Then there’s Alan Jones.
There’s a truth that a victim often becomes a perpetrator.
I know. Too heavy for a Sunday morning, but really, I’d like to believe Jones is more than a vile thug.
Perhaps, as a child, he was so badly bullied and damaged that his default behaviour became attack?
What I’d like to do to Alan Jones is not remotely compassionate.
I’d like to tattoo his shiny, white forehead with:
– Contents damaged
– Break in emergency
– A pair of golden arches
When I worked for a very small NSW newspaper our editor decided he would not publish stories or take advertising from an electoral candidate because he thought the contender threatened our community and its values.
It was the ‘70s and cowboy editors were inspiring in their arrogance and creative abuse of power.
“He doesn’t exist,” the newspaper’s team was told.

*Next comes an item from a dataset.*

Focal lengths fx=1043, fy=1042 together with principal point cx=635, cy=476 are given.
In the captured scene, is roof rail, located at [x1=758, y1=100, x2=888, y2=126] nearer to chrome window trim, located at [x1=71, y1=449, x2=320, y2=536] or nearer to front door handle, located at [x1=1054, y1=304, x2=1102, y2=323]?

Likewise, Jones abuses his power and should be ignored. He doesn’t exist.
This week he was complicit in helping promote an event which was invisible to most of us south of Bega.
Unless you were off shore, off your face or under a rock this week, you could not have missed the controversy about advertising a horse race on the Sydney Opera House.
The community and media reaction was predictable.
It started when Jones, from his radio power tower, launched an appalling verbal attack on Opera House boss Louise Herron.
“Who do you think you are Louise Herron!?”
Well might we say, ‘who do you think you are, Alan Jones’? (sneaky, sexy Whitlam reference?)
Thus, he gave the event exactly what it wanted … an instant of fame.
I won’t name the event because I hope it disappears up a horse’s rear!
Cynical me believes it was a PR strategy that worked.
A year ago none of us had heard of the event.
We were played.
Public sentiment was manipulated and the event has been branded into the national psyche as ‘the horse race that devalued the Opera House’.
If Sydney wanted to compete with the race that stops the nation, it was delivered the perfect media coup by Jones aided and abetted by his state and commonwealth servants.
The fury, ignited by Jones, erupted on Friday, and filled empty weekend media with a frenzy of chattering rage that kept rolling through the week.
I heard the original plan was for the Harbour Bridge to carry the event’s advertising?
I reckon the Opera House was always the first choice for the advertising, exactly because it would generate the most controversy.
Australia was sucked in to a classic PR play of any publicity is good publicity.
The event organisers knew that Sydney’s famous rosé-drinking, left-leaning, ABC-watching, Opera House subscribers would come out loud.
Nothing like a righteous, angry and well-connected mob from the Eastern suburbs (with harbour views) to whip up a frenzy.
Of course, we also have a Sydney advertising man as PM; a dude who likes to be called ‘Sco Mo’.
He’s from ‘the Shire’ of Cronulla Sutherland whose people are the mortal enemies of Sydney’s Lower North Shore and Eastern Suburbs.